■ **Task item**
A faithful copy of the data below is required, leaving out every picture.

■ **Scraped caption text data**
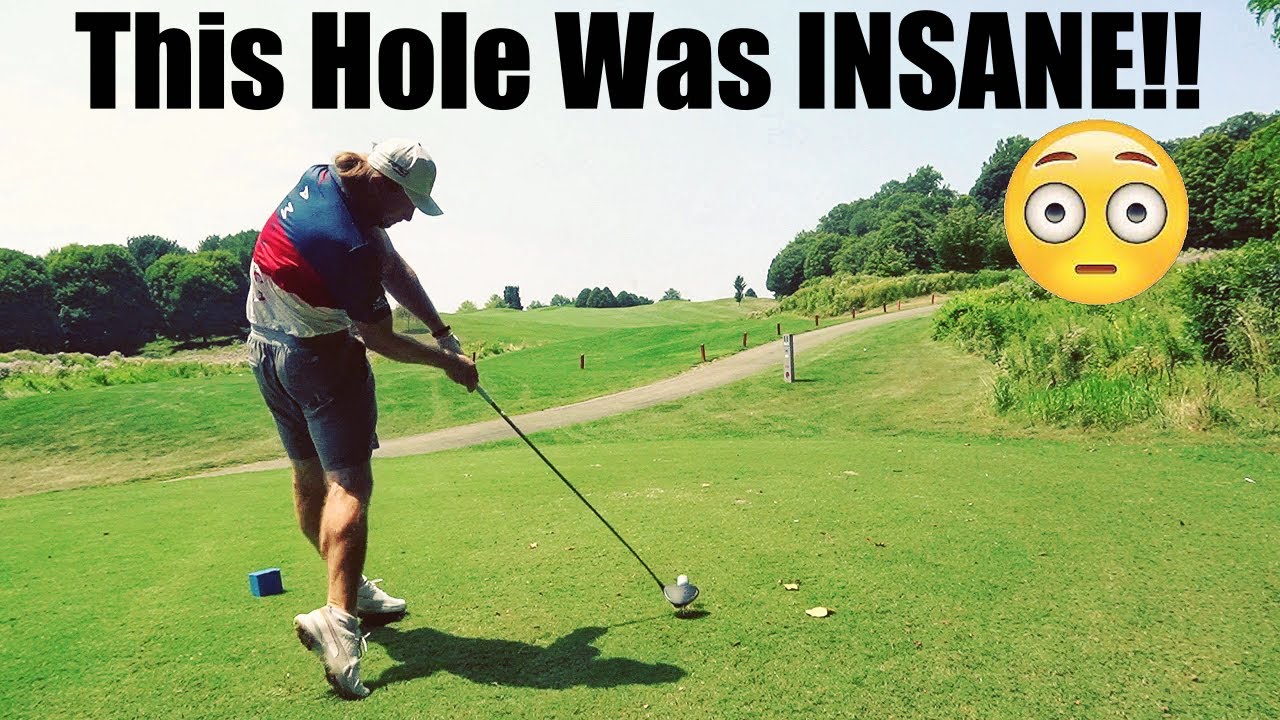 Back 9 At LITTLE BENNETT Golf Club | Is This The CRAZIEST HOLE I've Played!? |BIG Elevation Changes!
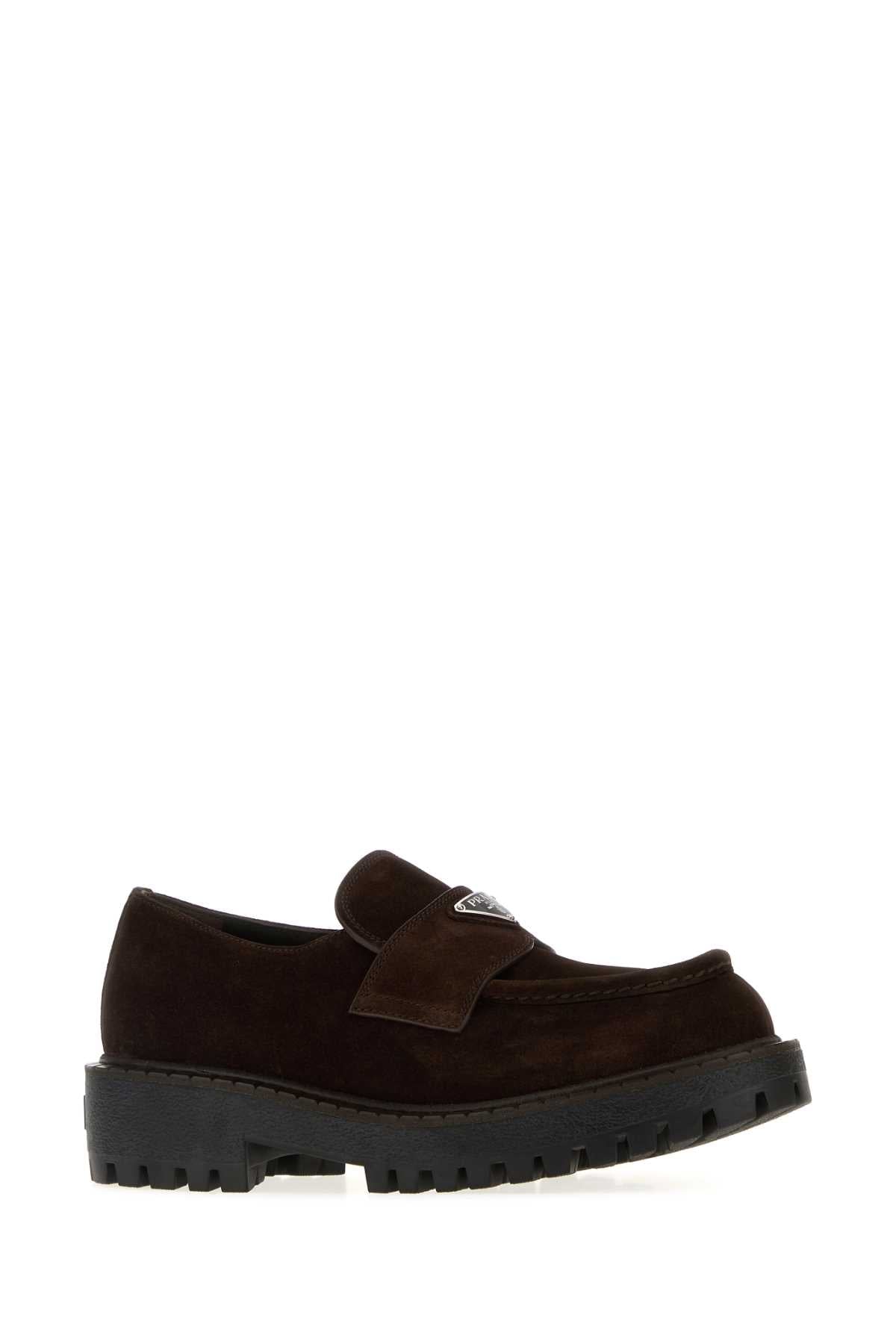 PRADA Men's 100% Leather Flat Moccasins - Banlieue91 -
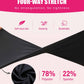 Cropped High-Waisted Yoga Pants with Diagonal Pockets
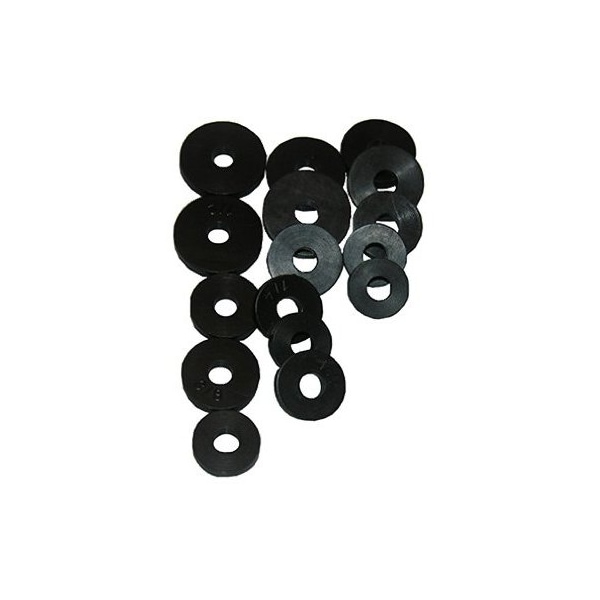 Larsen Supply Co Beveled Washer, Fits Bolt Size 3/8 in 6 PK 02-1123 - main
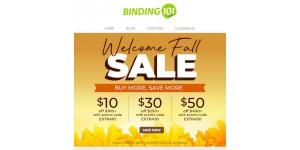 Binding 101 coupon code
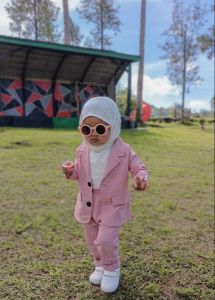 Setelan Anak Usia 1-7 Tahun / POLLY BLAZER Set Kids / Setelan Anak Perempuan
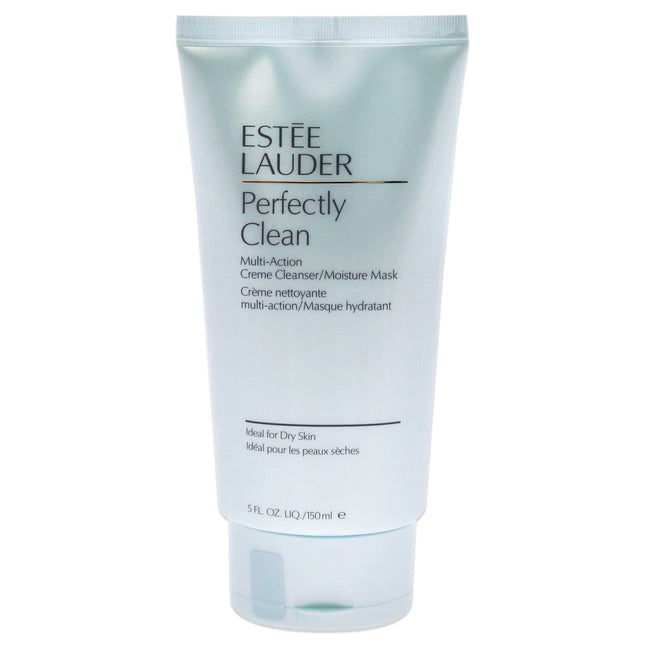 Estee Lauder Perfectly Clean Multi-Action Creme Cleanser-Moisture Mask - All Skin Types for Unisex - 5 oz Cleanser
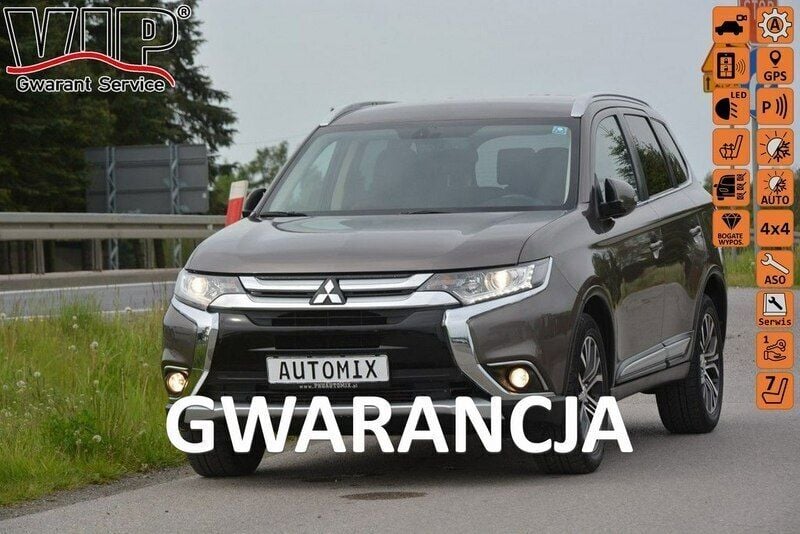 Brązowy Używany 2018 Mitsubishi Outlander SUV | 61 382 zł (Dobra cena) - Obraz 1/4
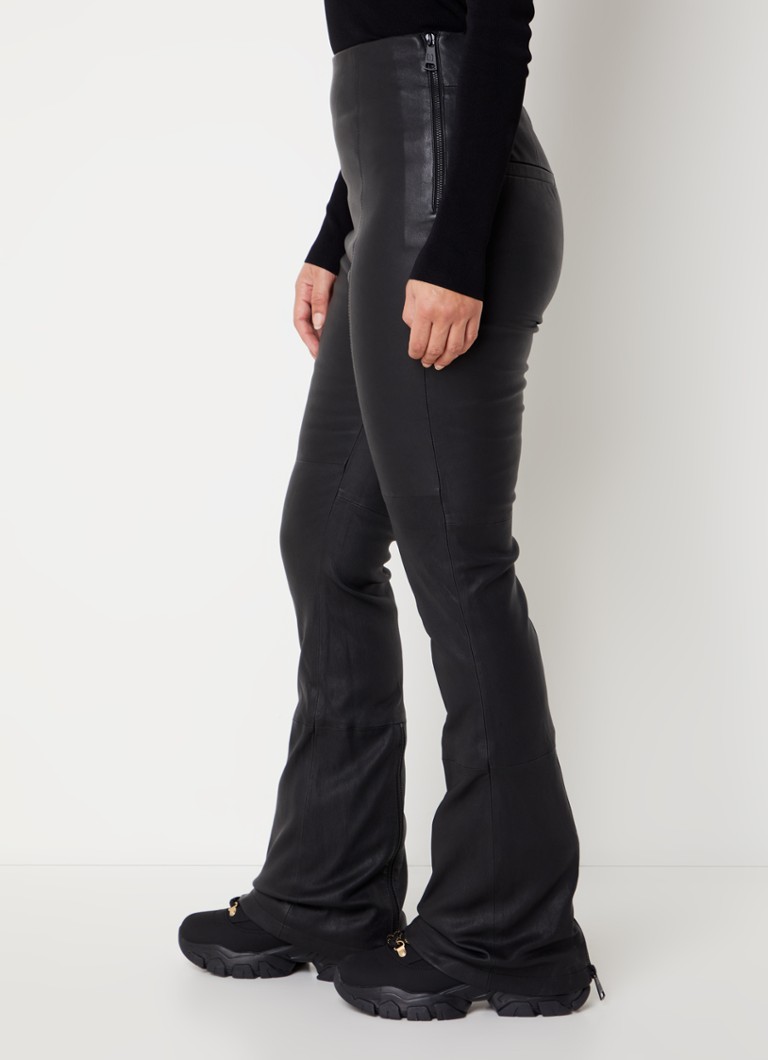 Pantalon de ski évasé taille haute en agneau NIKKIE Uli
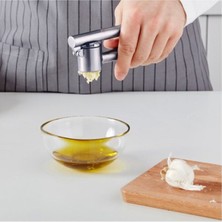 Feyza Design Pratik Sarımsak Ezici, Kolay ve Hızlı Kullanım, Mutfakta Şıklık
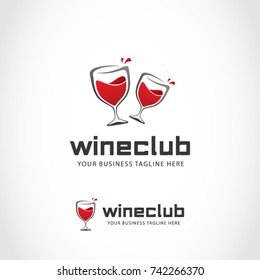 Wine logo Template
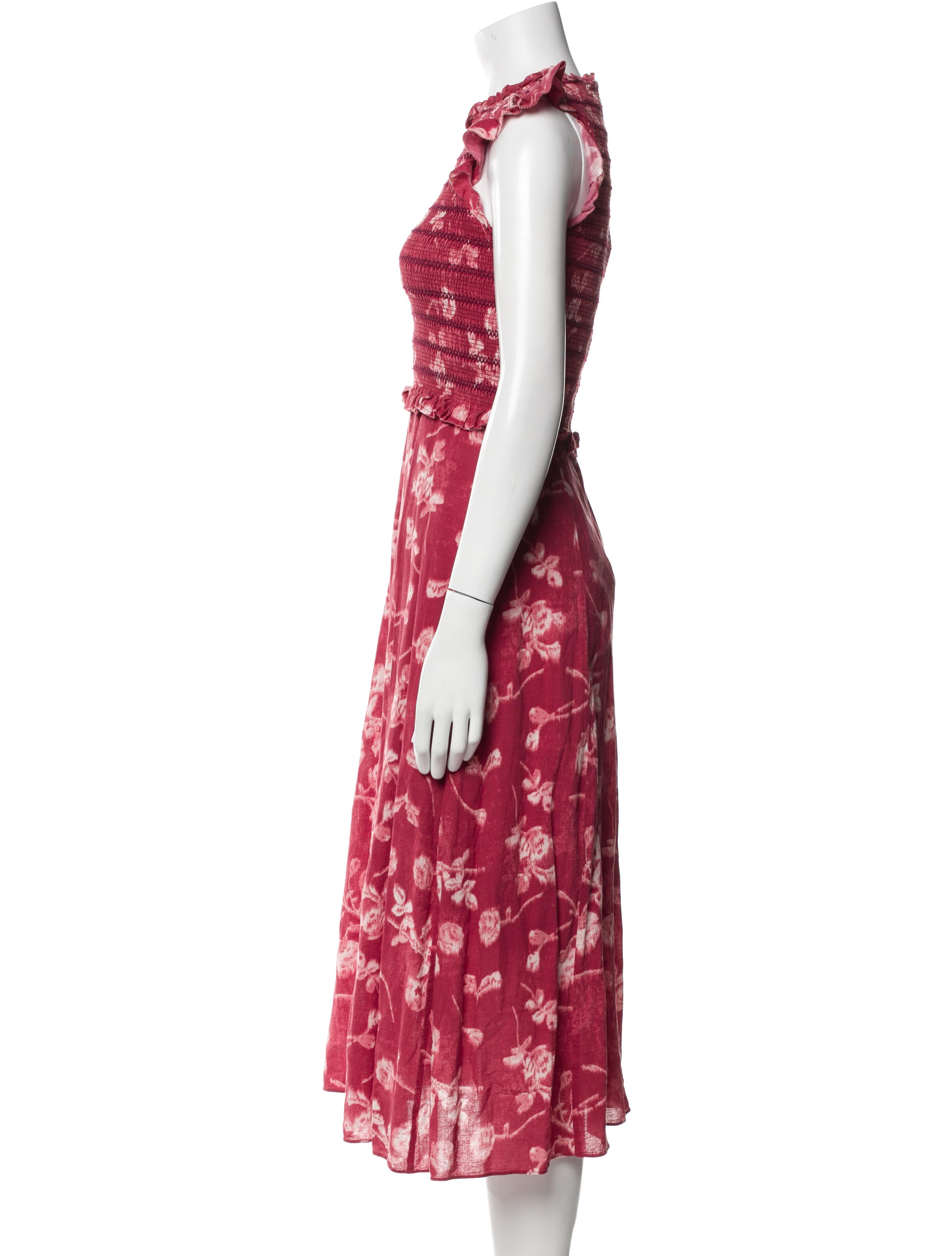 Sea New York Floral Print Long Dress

■ **Reply to the exercise**
 Back 9 At LITTLE BENNETT Golf Club | Is This The CRAZIEST HOLE I've Played!? |BIG Elevation Changes!
 PRADA Men's 100% Leather Flat Moccasins - Banlieue91 -
 Cropped High-Waisted Yoga Pants with Diagonal Pockets
 Larsen Supply Co Beveled Washer, Fits Bolt Size 3/8 in 6 PK 02-1123 - main
 Binding 101 coupon code
 Setelan Anak Usia 1-7 Tahun / POLLY BLAZER Set Kids / Setelan Anak Perempuan
 Estee Lauder Perfectly Clean Multi-Action Creme Cleanser-Moisture Mask - All Skin Types for Unisex - 5 oz Cleanser
 Brązowy Używany 2018 Mitsubishi Outlander SUV | 61 382 zł (Dobra cena) - Obraz 1/4
 Pantalon de ski évasé taille haute en agneau NIKKIE Uli
 Feyza Design Pratik Sarımsak Ezici, Kolay ve Hızlı Kullanım, Mutfakta Şıklık
 Wine logo Template
 Sea New York Floral Print Long Dress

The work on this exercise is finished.